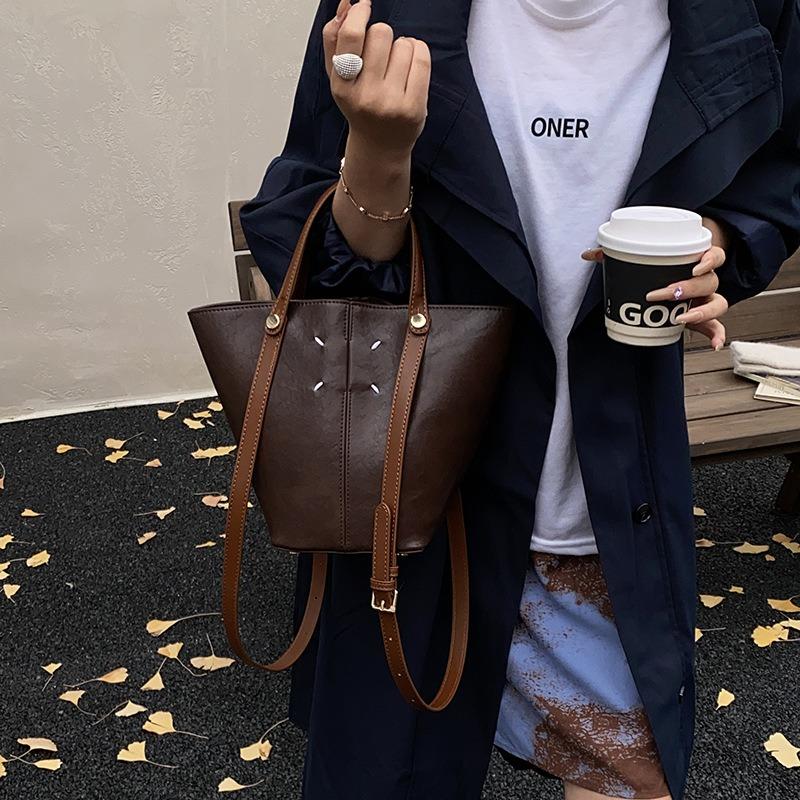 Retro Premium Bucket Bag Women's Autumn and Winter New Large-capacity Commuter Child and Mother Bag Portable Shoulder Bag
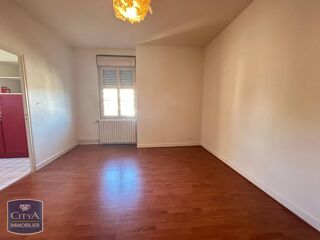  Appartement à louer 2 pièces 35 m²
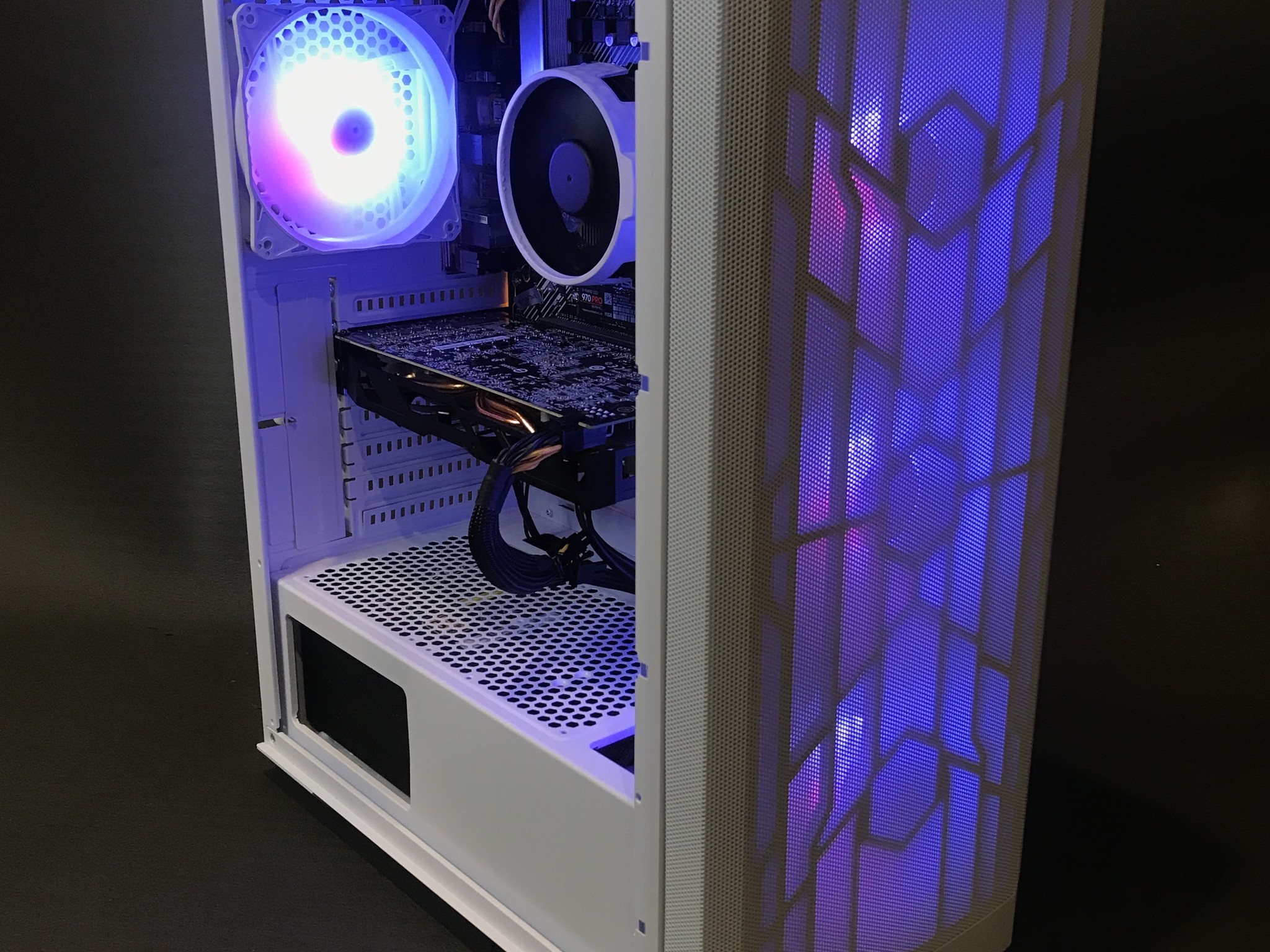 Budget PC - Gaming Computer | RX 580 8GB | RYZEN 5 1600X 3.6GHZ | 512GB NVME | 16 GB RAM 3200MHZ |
* * *
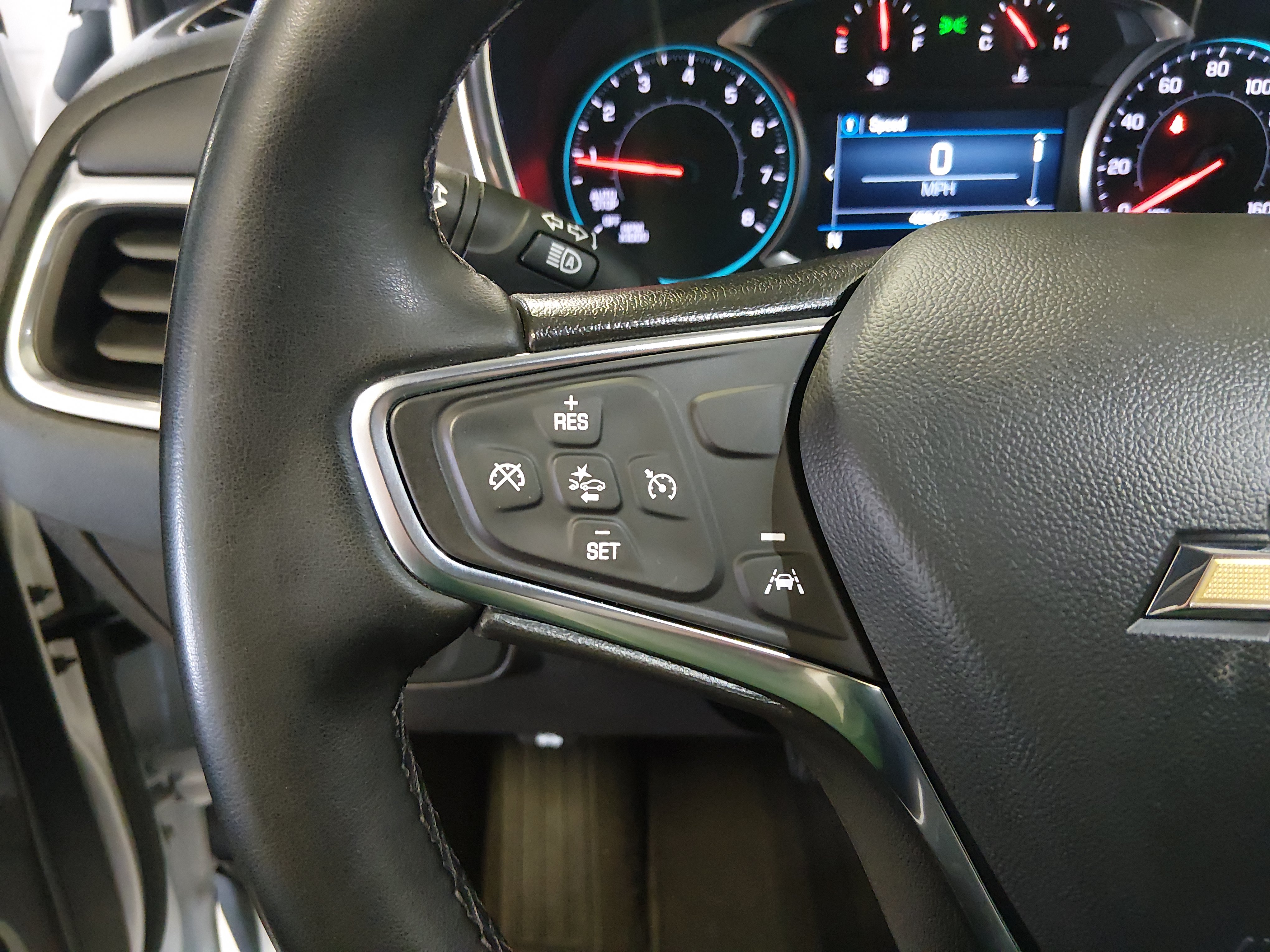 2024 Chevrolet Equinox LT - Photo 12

▶ What needs to be done
Copy only what runs above from the line containing "Retro Premium Bucket" through the line containing "Budget PC - Gaming", exactly. Leave out the pictures.

▶ Completed task
 Retro Premium Bucket Bag Women's Autumn and Winter New Large-capacity Commuter Child and Mother Bag Portable Shoulder Bag
  Appartement à louer 2 pièces 35 m²
 Budget PC - Gaming Computer | RX 580 8GB | RYZEN 5 1600X 3.6GHZ | 512GB NVME | 16 GB RAM 3200MHZ |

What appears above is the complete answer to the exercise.